[Provided entries — start]

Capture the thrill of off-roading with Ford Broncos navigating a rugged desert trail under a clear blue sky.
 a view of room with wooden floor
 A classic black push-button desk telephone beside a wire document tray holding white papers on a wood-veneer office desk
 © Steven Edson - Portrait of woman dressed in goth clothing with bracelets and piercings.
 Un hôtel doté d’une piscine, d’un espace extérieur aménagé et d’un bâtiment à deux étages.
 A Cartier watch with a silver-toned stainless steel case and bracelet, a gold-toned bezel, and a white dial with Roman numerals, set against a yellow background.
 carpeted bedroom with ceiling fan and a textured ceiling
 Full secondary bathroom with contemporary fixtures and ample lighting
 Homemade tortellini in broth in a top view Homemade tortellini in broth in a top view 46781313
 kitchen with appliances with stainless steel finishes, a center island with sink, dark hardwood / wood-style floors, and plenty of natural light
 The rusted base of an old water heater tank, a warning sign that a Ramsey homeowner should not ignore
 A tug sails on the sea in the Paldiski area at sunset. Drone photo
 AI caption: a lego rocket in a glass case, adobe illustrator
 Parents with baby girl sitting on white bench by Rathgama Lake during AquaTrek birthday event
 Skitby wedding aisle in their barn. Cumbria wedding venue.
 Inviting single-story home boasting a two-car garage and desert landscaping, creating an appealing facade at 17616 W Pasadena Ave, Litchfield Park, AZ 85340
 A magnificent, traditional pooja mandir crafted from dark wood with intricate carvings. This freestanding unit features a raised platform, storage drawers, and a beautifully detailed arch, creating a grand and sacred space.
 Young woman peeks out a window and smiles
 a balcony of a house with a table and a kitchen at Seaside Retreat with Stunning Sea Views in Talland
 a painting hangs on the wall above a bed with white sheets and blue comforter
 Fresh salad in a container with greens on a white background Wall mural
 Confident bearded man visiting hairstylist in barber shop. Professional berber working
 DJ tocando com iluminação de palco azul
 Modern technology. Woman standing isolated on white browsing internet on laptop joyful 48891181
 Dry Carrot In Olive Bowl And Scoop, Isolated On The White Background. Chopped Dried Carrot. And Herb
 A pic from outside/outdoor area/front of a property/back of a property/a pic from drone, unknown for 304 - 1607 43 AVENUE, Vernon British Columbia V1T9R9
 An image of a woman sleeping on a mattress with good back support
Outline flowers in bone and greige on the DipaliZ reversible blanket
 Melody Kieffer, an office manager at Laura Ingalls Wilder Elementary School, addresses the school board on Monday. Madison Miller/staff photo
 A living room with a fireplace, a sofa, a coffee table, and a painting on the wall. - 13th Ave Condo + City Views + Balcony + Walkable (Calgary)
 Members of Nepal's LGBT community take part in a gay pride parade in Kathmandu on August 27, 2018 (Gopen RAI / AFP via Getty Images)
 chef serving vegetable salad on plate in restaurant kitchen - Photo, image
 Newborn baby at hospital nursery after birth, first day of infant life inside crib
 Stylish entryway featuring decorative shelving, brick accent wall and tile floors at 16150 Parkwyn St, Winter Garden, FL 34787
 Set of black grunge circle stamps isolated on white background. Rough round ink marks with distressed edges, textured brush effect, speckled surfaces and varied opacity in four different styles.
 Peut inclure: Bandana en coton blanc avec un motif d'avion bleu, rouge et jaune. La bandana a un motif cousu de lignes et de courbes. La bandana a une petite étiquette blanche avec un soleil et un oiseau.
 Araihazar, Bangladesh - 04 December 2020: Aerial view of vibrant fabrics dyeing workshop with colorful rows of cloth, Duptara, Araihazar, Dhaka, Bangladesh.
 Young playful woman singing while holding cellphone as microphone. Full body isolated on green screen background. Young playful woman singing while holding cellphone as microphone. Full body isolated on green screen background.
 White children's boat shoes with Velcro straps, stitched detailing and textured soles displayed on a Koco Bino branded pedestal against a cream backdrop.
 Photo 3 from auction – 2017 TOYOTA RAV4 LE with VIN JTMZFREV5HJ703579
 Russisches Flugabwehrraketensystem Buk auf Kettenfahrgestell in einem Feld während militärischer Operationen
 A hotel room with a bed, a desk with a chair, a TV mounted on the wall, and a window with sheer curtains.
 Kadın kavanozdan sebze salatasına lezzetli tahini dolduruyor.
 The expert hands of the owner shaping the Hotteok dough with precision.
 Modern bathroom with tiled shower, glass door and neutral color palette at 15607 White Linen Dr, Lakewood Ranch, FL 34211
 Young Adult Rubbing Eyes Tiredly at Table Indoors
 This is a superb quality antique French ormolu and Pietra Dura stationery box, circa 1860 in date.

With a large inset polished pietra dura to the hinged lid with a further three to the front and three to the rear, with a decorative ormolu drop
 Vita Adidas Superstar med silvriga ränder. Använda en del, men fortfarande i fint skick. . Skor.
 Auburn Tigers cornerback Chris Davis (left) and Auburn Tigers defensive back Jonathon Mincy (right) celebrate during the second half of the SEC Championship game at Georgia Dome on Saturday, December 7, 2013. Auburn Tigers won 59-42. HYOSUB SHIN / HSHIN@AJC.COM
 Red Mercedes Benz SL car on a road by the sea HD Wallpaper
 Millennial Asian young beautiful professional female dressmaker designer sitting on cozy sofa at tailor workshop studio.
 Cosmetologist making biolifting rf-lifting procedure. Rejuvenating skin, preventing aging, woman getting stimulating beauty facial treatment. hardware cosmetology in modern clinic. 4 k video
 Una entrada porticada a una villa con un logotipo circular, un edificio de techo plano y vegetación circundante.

[Provided entries — finish]

_Problem_
All lines above from the one containing "Modern bathroom with" to the one containing "Cosmetologist making biolifting" must be repeated exactly, both lines included, and no others.

_Output for this task_
 Modern bathroom with tiled shower, glass door and neutral color palette at 15607 White Linen Dr, Lakewood Ranch, FL 34211
 Young Adult Rubbing Eyes Tiredly at Table Indoors
 This is a superb quality antique French ormolu and Pietra Dura stationery box, circa 1860 in date.

With a large inset polished pietra dura to the hinged lid with a further three to the front and three to the rear, with a decorative ormolu drop
 Vita Adidas Superstar med silvriga ränder. Använda en del, men fortfarande i fint skick. . Skor.
 Auburn Tigers cornerback Chris Davis (left) and Auburn Tigers defensive back Jonathon Mincy (right) celebrate during the second half of the SEC Championship game at Georgia Dome on Saturday, December 7, 2013. Auburn Tigers won 59-42. HYOSUB SHIN / HSHIN@AJC.COM
 Red Mercedes Benz SL car on a road by the sea HD Wallpaper
 Millennial Asian young beautiful professional female dressmaker designer sitting on cozy sofa at tailor workshop studio.
 Cosmetologist making biolifting rf-lifting procedure. Rejuvenating skin, preventing aging, woman getting stimulating beauty facial treatment. hardware cosmetology in modern clinic. 4 k video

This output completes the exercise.